Expert claims tablets and smart phones will phase out NBN

  • Expert says NBN Co is just a waste of money 
  • Survey reveals 71 percent of Australians use laptop, tablet or smartphone 
  • Chief Technology Officer fights back against NBN phase out claims 
Quantum Market Research analyst David Chalke, a prominent social analyst, has argued that the rise of mobile internet through tablets and smart phones threatens to make the $36bn National Broadband Network (NBN) project a huge waste of taxpayers’ money.

The Herald Sun has reported that Chalke said NBN Co was “missing the boat”.
Chalke has based his claims from the results of the Australia SCAN social trend survey, showing 71 per cent of the 2000 Australian respondents owned a laptop, smartphone or tablet.

"Everything is going to be wireless by the time they’ve dug up the roads and stuffed the pipes,” he said.

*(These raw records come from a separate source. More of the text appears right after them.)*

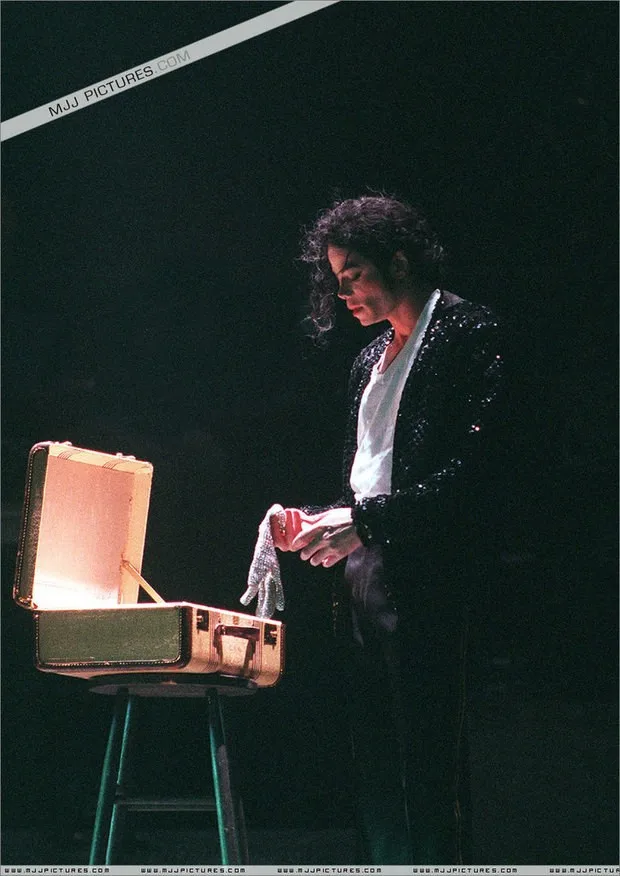Редкие MJ Майкл Джексон обе стороны стразы серебро кристалл ручной работы перчатки коллекция для Billie Jean Preformance
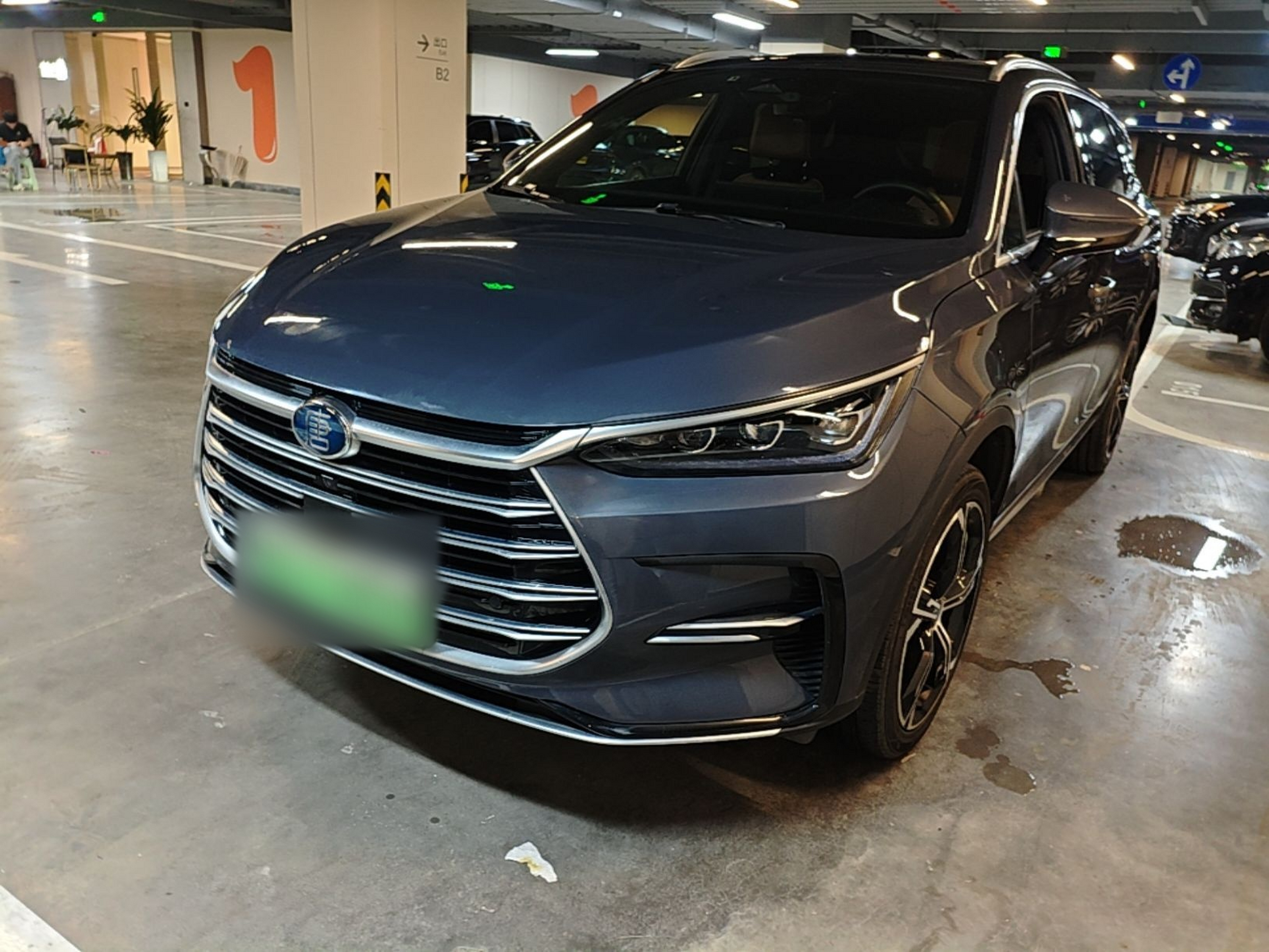 Под передней частью автомобиля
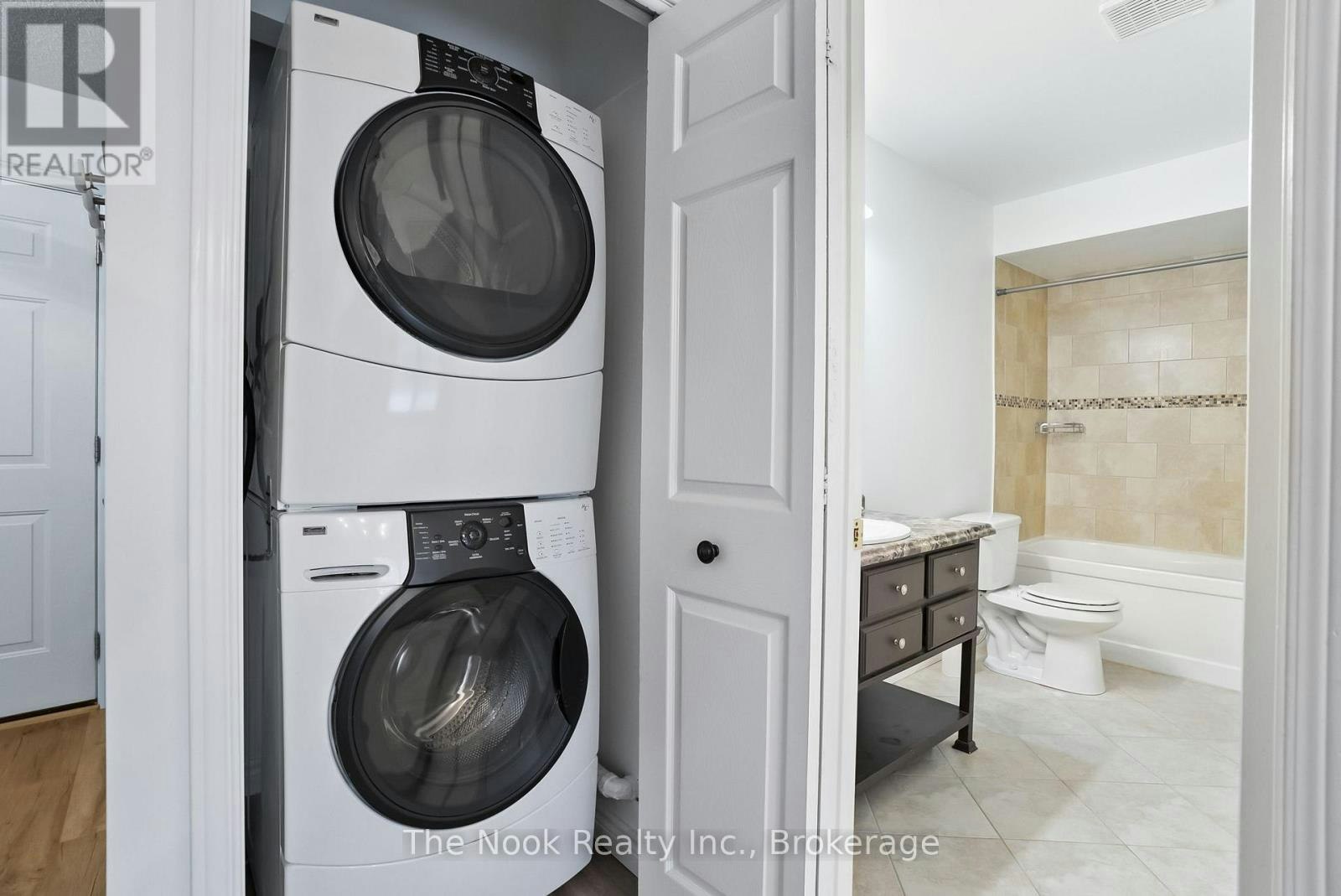 MAIN & UPPER-11 Jollow Drive, Clarington, ON, L1C 4V9 - 9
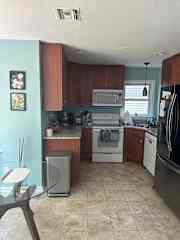 Kitchen area with ample fridge space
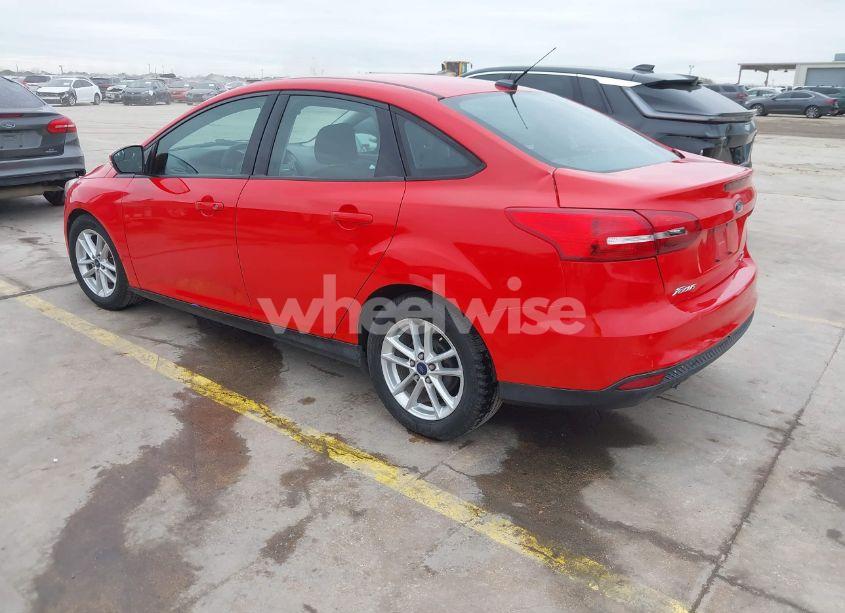 Photo 3 of 2016 Ford Focus SE (VIN 1FADP3F2XGL285344)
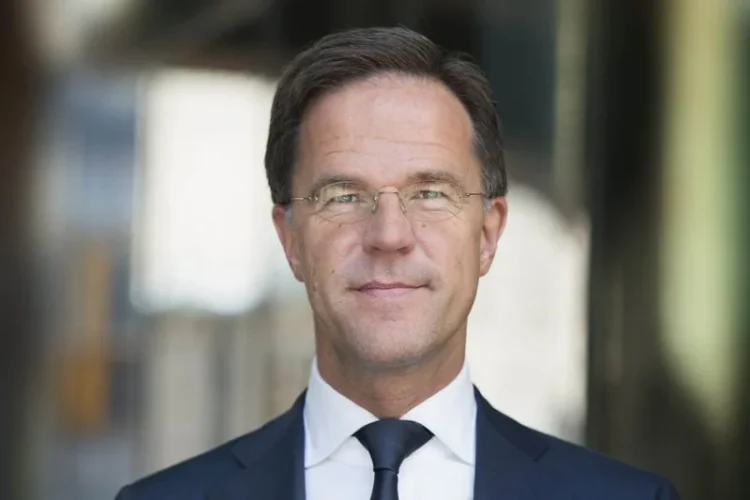 Mark Rutte asigură Ucraina de sprijinul NATO, la prelurea funcţiei de secretar general al Alianţei Nord-Atlantice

“It will be too late, it’s all going to be mobile and wireless in the future,” he told Herald Sun.

Chief Technology Officer refutes NBN phase out claims NBN Co chief technology officer Gary McLaren has countered Chalke’s claims, saying that Australians prefer fixed lines for downloads and video streaming.

McLaren has cited the latest survey from the Australian Bureau of Statistics (ABS) which reveals that 93 percent of Australians use fixed-line connections to download content.

“The proportion of mobile handset downloads over mobile networks is estimated to make up just 1.4 percent of total internet downloads in Australia,” he said.

“Other wireless broadband technologies account for just 6.6 percent.”

“Fixed lines remain the engine-room of downloads in this country and around the world. As data-heavy applications such as video become more prevalent there will be an increasing need for robust fixed connections such as the NBN.”

McLaren has argued that enhanced fixed lines such as the NBN are here to ease the limitations of mobile internet.

“The eternal problems associated with spectrum scarcity – such as mobile congestion and a hefty price premium placed on using such a limited resource – are not going to go away,” he added.